My new favorite dataset is the trove of NFL play-by-play data downloadable in R now through nflScrapR. However, in another post, I noticed something that didn't look right with the GoalToGo variable, based the plot below.
[[[[ INSERT PLOT IMAGE ]]]]]
The problem here is that the probability distribution in the right sub-plot says that for GoalToGo situations (i.e. '3rd and Goal'), a play never gained more than 10 yards.
At first this seems to make sense since you're "goal-to-go" when you get inside the 10-yardline.
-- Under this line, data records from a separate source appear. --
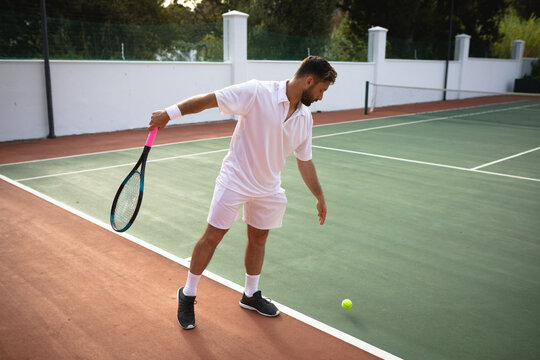 Caucasian man training on a tennis court
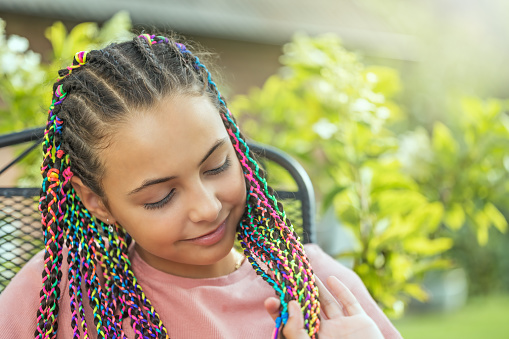 Portrait of  young girl with beautiful colorful braids looking down.  Horizontally.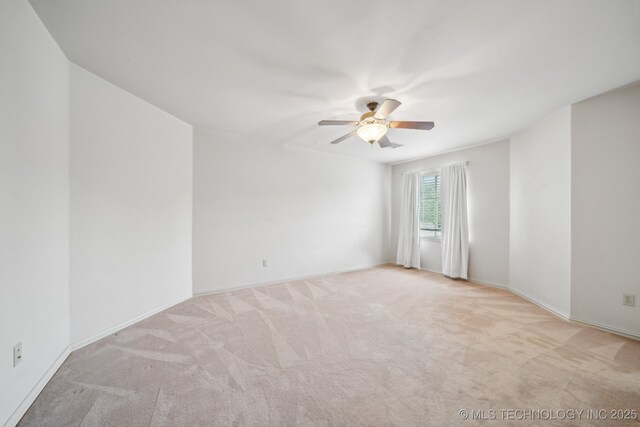 8655 E 103rd St, Tulsa, OK 74133 - carpeted empty room with a ceiling fan and baseboards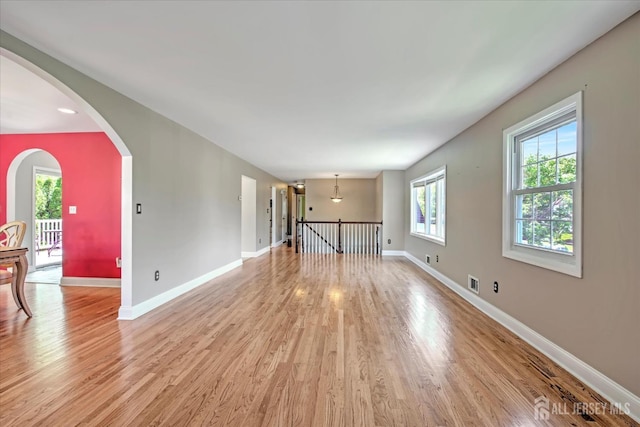7 Mill Rd, Jamesburg, NJ 08831 - empty room featuring light wood-type flooring, baseboards, and arched walkways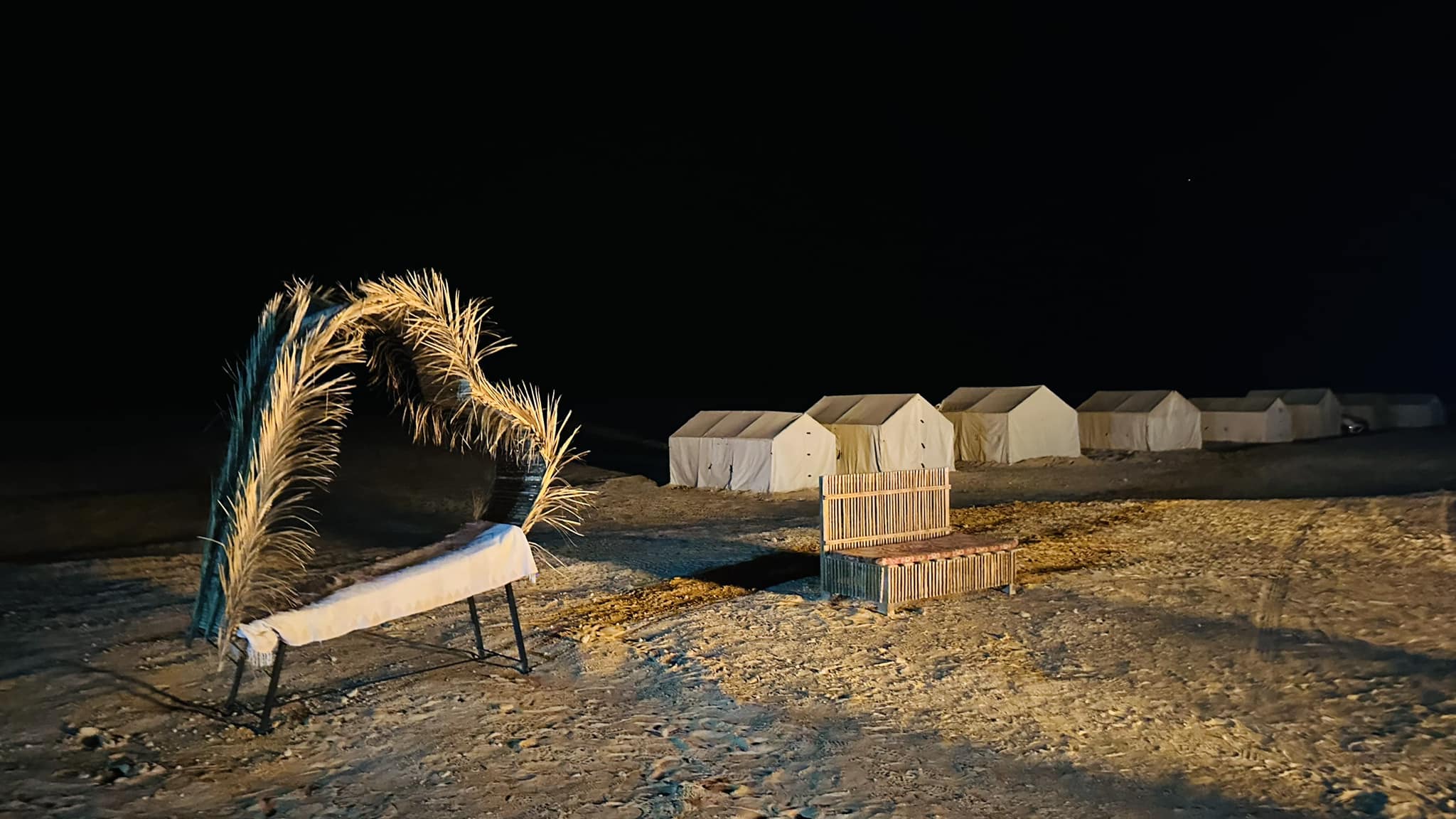 Traditional desert camp tent prepared for overnight stay during Douz sahara camel trek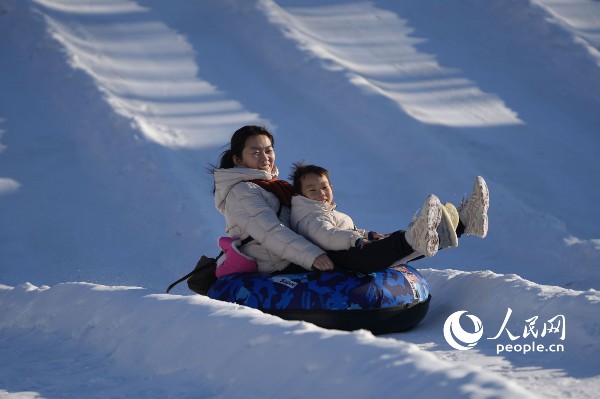 在北京市一大型游乐场里举办的“冰雪节”上,游客正在体验冰雪游乐项目。人民网记者 王天乐摄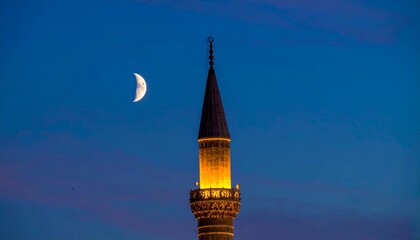 A beautifully illuminated minaret of a mosque stands tall against a deep blue twilight sky with a crescent moon visible.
But, if you're "goal-to-go" at the 10 yardline and get called for a penalty, you replay the down, still goal-to-go, backed up another 5-15 yards. Some of those plays must have gone for more than 10 Yards.Gained.
So leaving aside the actual Yards.Gained on a play for a moment, how many cases can we find where at least we had GoalToGo at beyond the 10-yardline?
In [1]:
library(nflscrapR)
pbp_data <- season_play_by_play(2015)
In [ ]:
subset(pbp_data, GoalToGo ==1 & yrdline100>10, select=c('down', 'desc', 'Yards.Gained', 'yrdline100'))
None? Ok. So now let's track down a case that we think should be goal-to-go beyond the 10-yardline, but somehow isn't.
In [52]:
#Filter on goal-to-go plays with a False Start penalty that would move offense back beyond 10-yardline
g2g_penalty <- subset(pbp_data, GoalToGo==1 & yrdline100>5 & PenaltyType == "False Start",
select = c('Date', 'posteam', 'Drive', 'qtr', 'down', 'ydstogo', 'yrdline100', 'GoalToGo', 'PenaltyType', 'Penalty.Yards', 'Accepted.Penalty', 'Yards.Gained'))
head(g2g_penalty)
We've identified a bunch of plays above where we'd expect the subsequent play on that drive (after the Penalty.Yards
are enforced) to be "goal-to-go" beyond the 10-yardline. We can pull the rest of those drives (matching on date/posteam/drive/qtr) to view those subsequent plays and inspect what's going on some more. And having just done this, I can confirm we find instances where GoalToGo should be 1, but is set to 0 incorrectly.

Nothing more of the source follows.